American DJ and producer (born 1971)

Dory Kahalé (born May 25, 1971) is an American DJ, producer, and entrepreneur from Minneapolis.

Active in the electronic dance music and techno scenes since the 1990s, Kahalé has released more than 50 records under a variety of pseudonyms, most notably DJ Apollo, Dirty McKenzie, Ralph Laurenn, and 1DJ. Minnesota alt-weekly City Pages praised his depth of expertise in the field, saying that "few people know more about dance music and its history in Minneapolis than Dory Kahalé". His work has gained attention across America, Germany, and the UK.

==Early life ==
Kahalé was born May 25, 1971, in Beirut, Lebanon. His family lived in West Berlin, Germany, until he was 10 as refugees of the Lebanese Civil War. His family emigrated to the United States under political asylum in the early 1980s, living in Atlanta, Georgia, before settling permanently in Minneapolis, Minnesota.
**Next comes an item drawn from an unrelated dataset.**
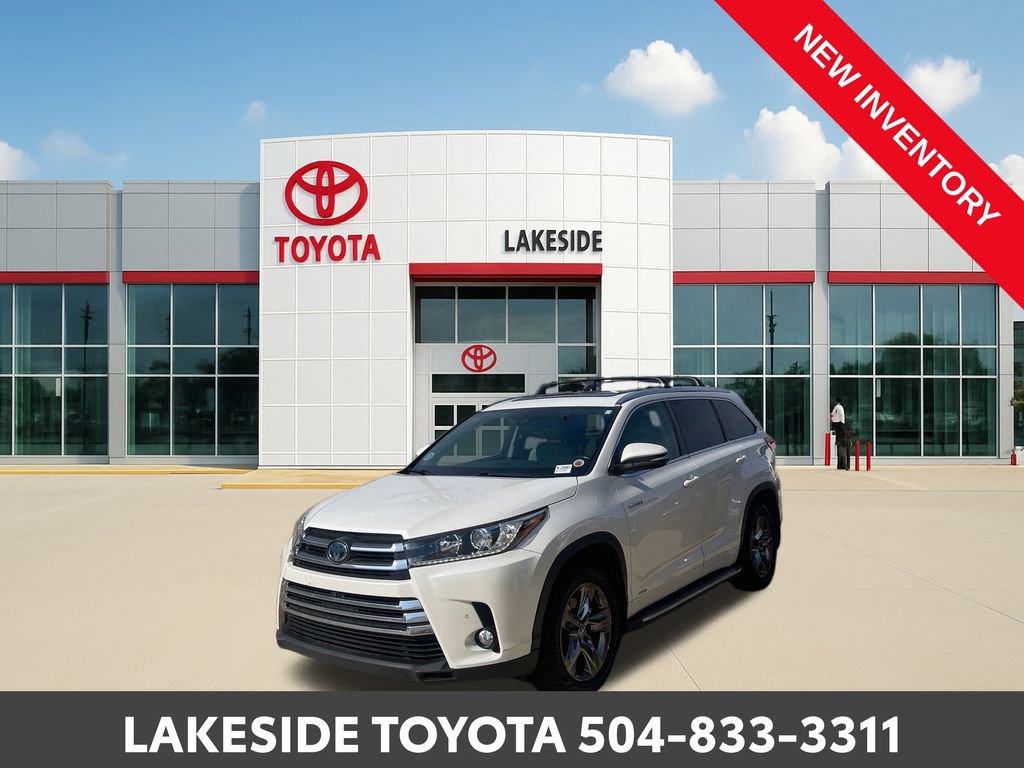Used 2017 Toyota Highlander Limited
Kahalé began playing and composing electronic music from a young age; he got his first Casio keyboard at age 11. Early influences included Kraftwerk, Ultravox spinoff Visage, Depeche Mode, and Giorgio Moroder.

==Career==
Kahalé began DJing in 1989, and was on the ground floor of the rave and club-music movement in the Midwest. He has been releasing music since the early 1990s, working under his own name and about 15 pseudonyms, most notably DJ Apollo, Dirty McKenzie, and Ralph Laurenn. Kahalé often uses these aliases as ways to distinguish his work in distinct subgenres of electronic music, including techno, house, trip hop, and ambient. Other pseudonyms include Cocaine on Her Dress, Apollo of Minneapolis, Terrence Hawke, 1DJ, DJ Sloth, The Bureau, Local 120, Statik, and The Bully. His ghetto house alias "Ralph Laurenn" is a play on the name of Chicago house DJ Robert Armani. He takes broad inspiration from jazz, rock, hip-hop, and other styles beyond electronic dance music; one of the main synthesizer lines in his 1996 single "B True 2 Your School" was inspired by the guitar riff in Primus' "Big Brown Beaver."
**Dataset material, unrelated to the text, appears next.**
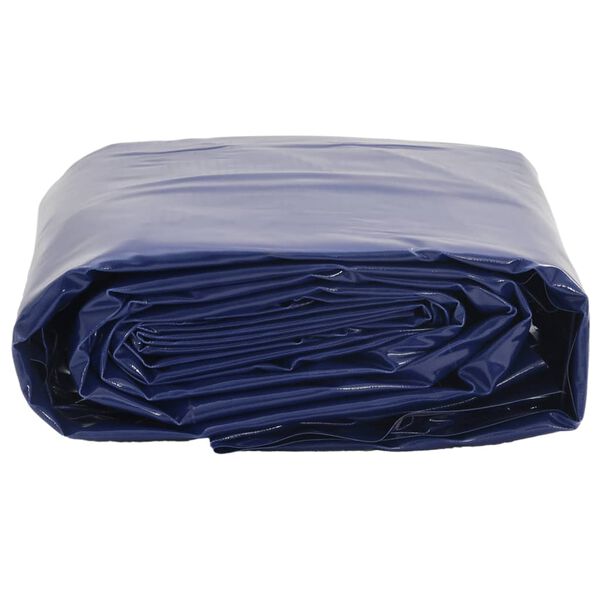 vidaXL Abdeckplane Blau 1,5x20 m 650 g/m&sup2;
Under the moniker DJ Apollo, Kahalé became an integral part of the dance-music scene that coalesced at historic nightclub First Avenue in the 1990s. Along with Kevin Cole, Woody McBride, and others, Kahalé helped to create the distinctive upper Midwest techno style, characterized by electronic dance magazine Massive as "a very original, unique, distinctive sound: Hard drums, but very clear, fresh, crisp production". As both a DJ and producer, Kahalé's open-minded interest in genre cross-pollination made him one of the bridges between the EDM, industrial, darkwave, and gothic rock scenes in the Twin Cities.

He performed at the groundbreaking electronic music festival Furthur in 1994, an early high point of rave culture in the United States, as well as the subsequent 1996 festival Even Furthur, which introduced U.S. audiences to Daft Punk.

In 1991, he joined Woody McBride's MORE (Minneapolis Organization of Rave Enthusiasts), and released several records on McBride's label Communique Records, as well as joining him on tour.

Kahalé started his own label, Bass United Recordings, in 2001. Bass United has released several dozen records by Kahalé and other artists such as Estate, as well as remixes by Faze Action, Dustin Zahn, D Cup, Odahl, and Bryan Gerrard. Alternative music blog BlackPlastic praised Bass United as "an imprint that has been pushing outstanding eclectic and electric music for the last decade."

Kahalé has also appeared on compilations by Frankie Bones, Nigel Richards, and Bad Boy Bill, and on record labels including Sounds, Giant Wheel, Blueline, Cyber, Virtual, Sockett, V-Wax, Sub-Terranean, Javelin, and Sixeleven.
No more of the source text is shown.